1, 5, 4, 10, 3, 2, 10, 2, 5...
And you keep doing this until all 60 stories are done. Now add the number of days it took to the starting date...
...and then do it again.
Do it 1000 times or more (yes, you'll need software for this, or a specialized spreadsheet). It doesn't matter if that weird "10" gets picked twice because that won't happen for every journey; some will be strangely slow, but most will be faster. Record the end-dates for each journey.
Now you have something more than an estimate. You have a probabalistic forecast. So if I start on 1st January 2018, I might get something like:
Each one of those dates shows what percentage of the journeys you took finished by that date. This gives you an idea of the probability of hitting any given date with all the stories. Alternatively, you can see how many stories you get done by a given date, just counting until the date is reached.
Most people are really optimistic when they estimate, and you're lucky if you even hit 50% of journeys finishing by that date!
Troy Magennis of Focused Objective has free spreadsheets for things like this, and Dan Vacanti at Actionable Agile's tool is cheap enough and IMO excellent. Both of them also have numerous videos talking about the technique. I also have an open source project that has no validation yet but works well enough for importing Excel spreadsheets, including exports from Jira.
Troy recommends between 7 and 25 weeks' worth of data to get this to work; more than that is usually out-of-date. Do bear seasonal patterns in mind, though.
If you don't want to go through the hassle of Montecarlo, but you do want the probability distribution, a technique I learned from Douglas Hubbard, author of "How to measure anything", might help you.

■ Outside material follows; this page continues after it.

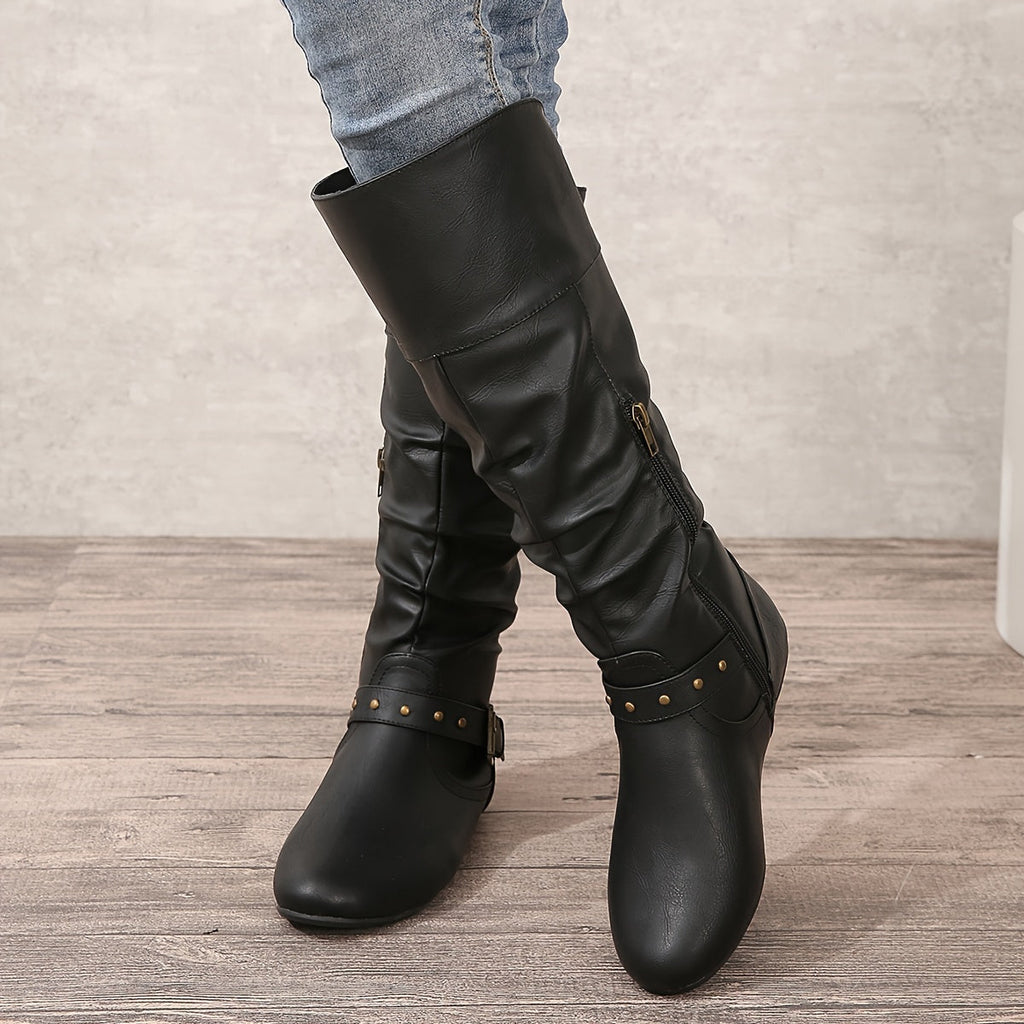 Knee-High Women's Boots with Buckle Detail and Slouchy Design - 9 - London-stylehouse.com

I ask the team to give me an idea of when they think they'll ship. Usually they'll be really optimistic, so if it's early January they'll say "End of April", or something like that.
Then I ask them how likely they are to ship then. "Oh, 70%," they tell me.

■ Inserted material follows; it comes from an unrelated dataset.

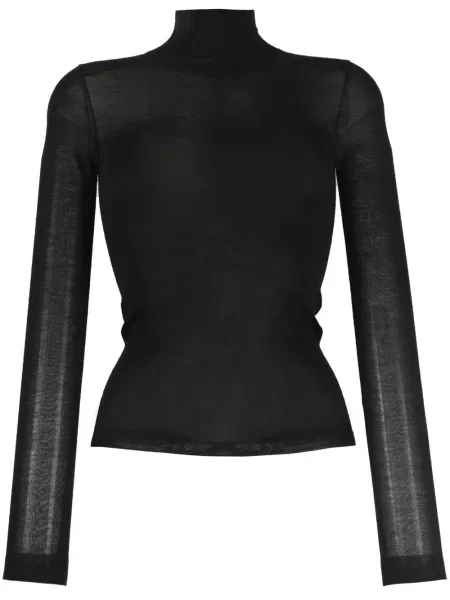 Top Nanushka din lână merinos transparente negru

So I offer them a hypothetical prize of £10,000 and two different ways to win it. They can either choose a red marble from a bag containing 7 red and 3 white marbles, or they can ship by the end of April.

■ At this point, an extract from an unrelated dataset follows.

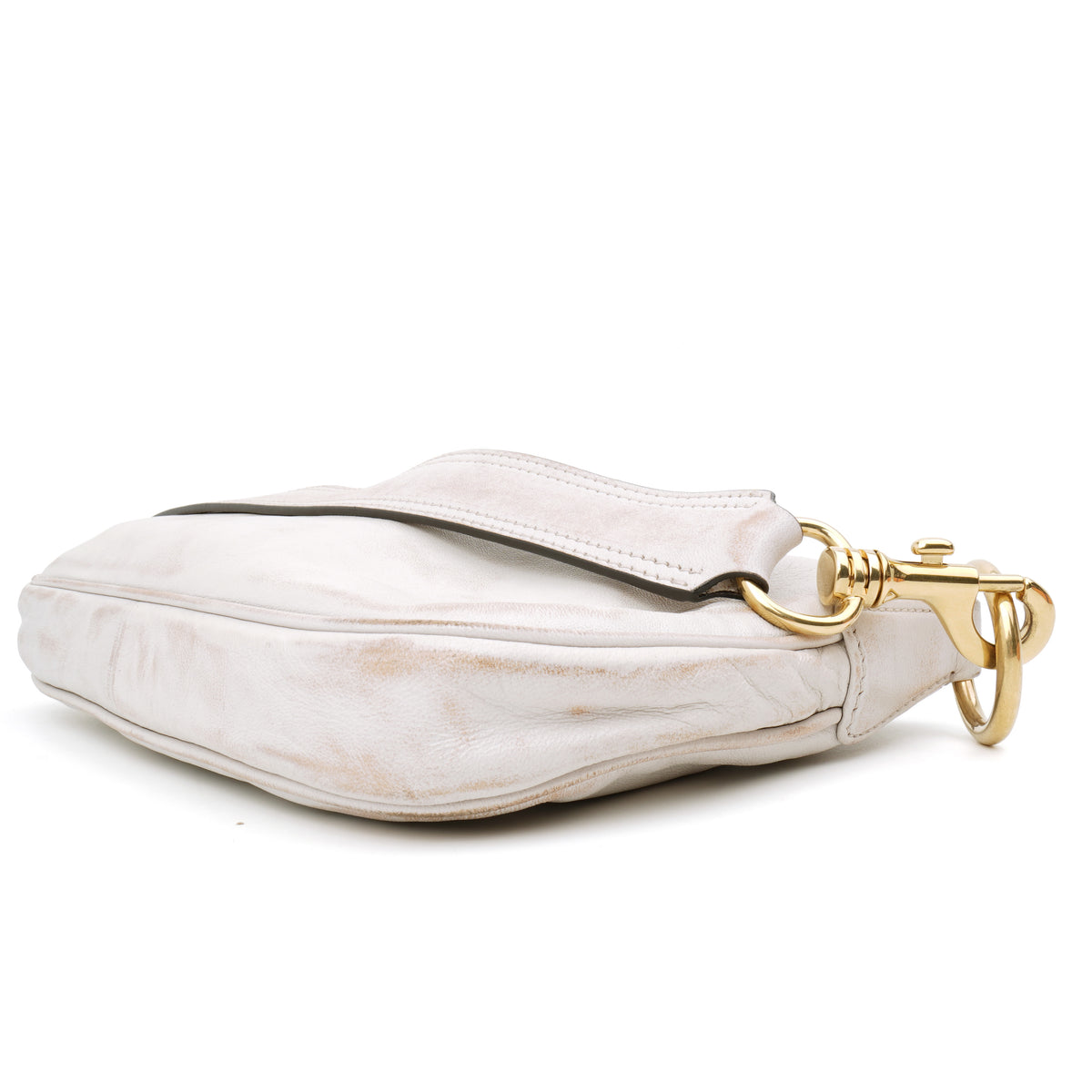 Miu Miu Nappa Old Hook Shoulder Bag Sabbia White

They usually go for the marbles; despite saying they're 70% certain to ship, they prefer the chances of drawing 7 out of 10 marbles!
So we reduce the number of marbles in our hypothetical bag until they prefer to ship. That tells us what their real confidence levels are. By doing this with different numbers of marbles, we can get a range of different confidence levels.
How to use these
If you're dependent on the shipping date in any way, don't use anything less than 85% confidence. That's usually way out compared to most people's estimates. As the date gets closer you'll be able to see if you're going to make it or not, and you will still have a chance to expedite things or shift other dependencies if required.
Note that the business will not be happy... until they start seeing the time saved by not estimating in easily-gameable story points, and by not having to redo a ton of plans based on something that was never going to happen anyway. You might need to do a bit of education or navigate tricky politics until they accept reality.